Karhutla yang terjadi di kawasan Desa Sepucuk, Kabupaten OKI. (dok/rmolsumsel.id)
Karhutla yang terjadi di kawasan Desa Sepucuk, Kabupaten OKI. (dok/rmolsumsel.id)

Dana pencegahan dan penanganan Karhutla di Sumsel dalam beberapa tahun terakhir digelontorkan cukup fantastis. Selama periode 2019-2023, anggaran yang dikeluarkan hampir Rp100 miliar. 


Dalam penelusuran, pada 2019, dana penanganan Karhutla mencapai Rp1,7 miliar. Jumlah tersebut meningkat di 2020 yang mencapai Rp40 miliar. Dana tersebut dibagikan ke 10 daerah. Diantaranya, Kabupaten OKI Rp6 miliar, Ogan Ilir Rp5 miliar, Musi Banyuasin Rp5 miliar, Banyuasin Rp5 miliar dan Kabupaten Muara Enim Rp5 miliar. Kemudian Kabupaten Pali Rp5 miliar, Musi Rawas Rp1 miliar, Muratara Rp1 miliar, OKU Rp2 miliar, dan OKU Timur Rp2 miliar.

Lalu, di 2021, dana penanganan Karhutla turun menjadi Rp30 miliar yang dialokasikan ke sejumlah instansi terkait untuk pembelian peralatan penanganan Karhutla seperti pompa air, selang, infrastruktur pembasahan dan lainnya. Namun, pada 2022 dan 2023, dana penanganan Karhutla ini tidak pernah secara spesifik disebutkan, termasuk untuk apa digunakan. Sehingga disinyalir menjadi penyebab kebakaran hutan dan lahan yang mencapai puncaknya tahun ini. 
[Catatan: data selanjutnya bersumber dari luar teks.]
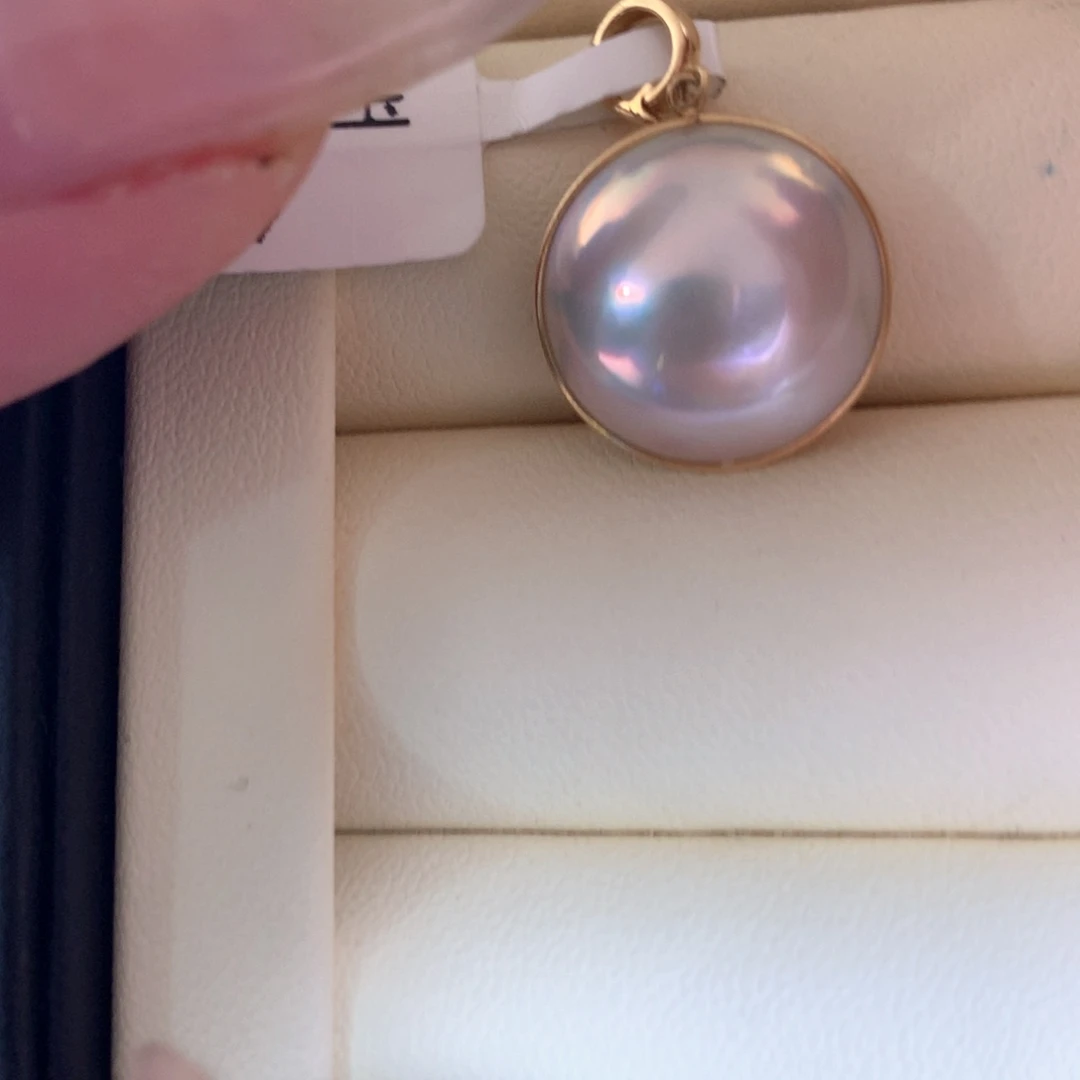 18K金镶嵌拼合珍珠（马贝珠）颈饰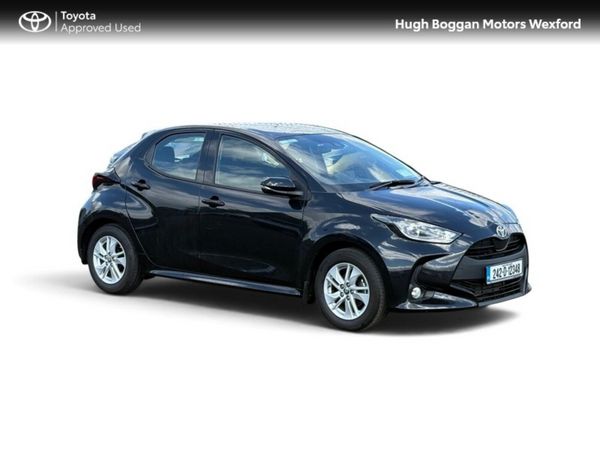 Toyota Yaris Hatchback, Petrol, 2024, Black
Salah satu upaya pencegahan yang bisa dilakukan sebetulnya restorasi gambut. Dengan luasan areal gambut mencapai 1,2 juta hektar, Provinsi Sumsel menjadi sasaran pemerintah pusat dalam menerapkan program restorasi gambut. 

Dalam Permen LHK No.2 tahun 2023 disebutkan, program restorasi gambut melibatkan sejumlah instansi dari pusat hingga daerah. Di dalam aturan itu, untuk organisasi pelaksana kegiatan restorasi gambut, Menteri LHK menugaskan sebagian urusan pemerintahan dalam pelaksanaan kegiatan Restorasi Gambut kepada Gubernur. Penugasan tersebut selanjutnya dibuat mekanisme Tugas Pembantuan. 

Kegiatan restorasi gambut terdiri dari kegiatan utama dan pendukung. Untuk Kegiatan utama yakni pembangunan infrastruktur pembasahan, bantuan pemeliharaan dan perbaikan, pembangunan petak percontohan revegetasi lahan Gambut bekas terbakar, bantuan pemeliharaan petak percontohan revegetasi, revitalisasi sumber mata pencaharian masyarakat, fasilitasi pemberdayaan masyarakat, operasional pembasahan dan fasilitasi tim restorasi gambut daerah. 

Sementara untuk kegiatan pendukung berupa rapat rutin, koordinasi dan konsolisasi. Pengelolaan program dan pendukung kegiatan, fasilitasi penyusunan rencana perlindungan dan pengelolaan ekosistem gambut dan monitoring serta evaluasi pelaksanaan kegiatan. 

Dalam struktur, Kepala Badan Restorasi Gambut dan Mangrove (BRGM) berperan menetapkan rencana program, kegiatan dan anggaran. Termasuk didalamnya menetapkan Kawasan Hidrologi Gambut sasaran 2023. Pertimbangan teknis program itu nantinya diajukan oleh Kepala Satker kepada Kepala BRGM untuk selanjutnya diajukan ke Menteri LHK.  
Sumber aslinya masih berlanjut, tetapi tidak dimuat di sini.